Se há algo que devemos fazer quando acordamos é olhar para as notícias, nem
que seja apenas para ter a certeza que o mundo não acabou. A forma mais fácil
de o fazer é online, já que podemos seleccionar o tema que nos interessa quando
queremos sem ter que perder tempo a ouvir “analistas” que, em 95% dos casos,
não têm rigorosamente nada a acrescentar. O único problema, na minha
perspectiva, são mesmo os comentadores. Grande parte do que é escrito nas
publicações online portuguesas é simplesmente vil para além de qualquer
descrição. O nível é abismal. Entre a ignorância e o ordinário parece que
estamos numa execução pública do século XVI. Claro que isto reflecte a falta de
qualidade da opinião pública no nosso país. Ninguém se dá ao trabalho de
investigar nada antes de falar. E muito menos aceita ser corrigido, mesmo
quando está consciente que não tem bases para as afirmações, escabrosas, que
faz. É caso para dizer que a ignorância faz o atrevimento.
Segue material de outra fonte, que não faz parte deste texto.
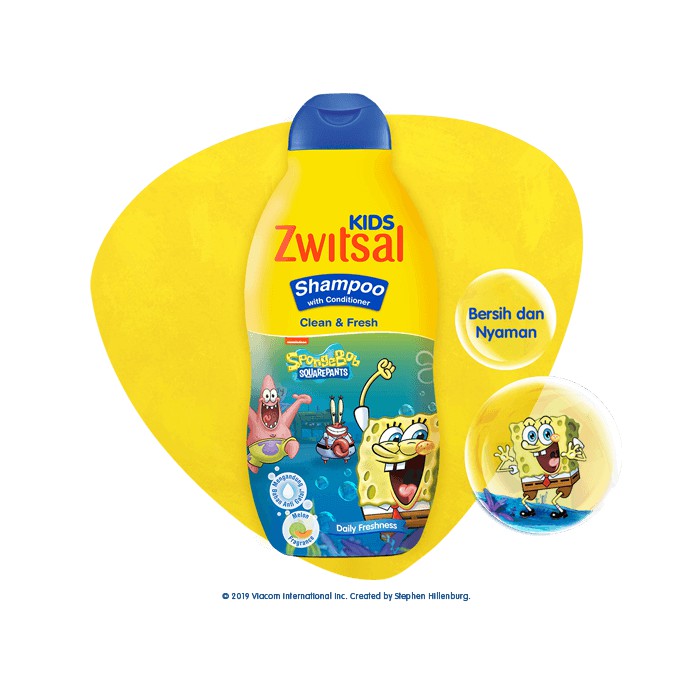 Zwitsal Kids Shampoo With Conditioner 180ml (Tersedia varian aroma)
Claro que não sou o primeiro a notar neste padrão de comportamento. Muitas
vozes, especialmente de meios mais “mainstream”, já criticaram estes
comportamentos algo animalescos de certos comentadores que frequentam os sites
noticiosos portugueses. A sua conclusão assenta essencialmente sobre um único
factor, o anonimato. E aqui é que as coisas ficam mais feias. Esta análise da
situação é muito conveniente para quem pertence ao “meio noticioso” porque
apaga décadas de deficiências por parte de certas classes e grupos (as pessoas
não reclamam do mau jornalismo ou da falta de civismo porque muitas vezes nunca
viram exemplos de qualquer uma das coisas) ao mesmo tempo que visa atacar um
anonimato que sabem ser necessário num país como o nosso, em que vinganças
pessoais são o habitual, especialmente quando existem disparidades de poder.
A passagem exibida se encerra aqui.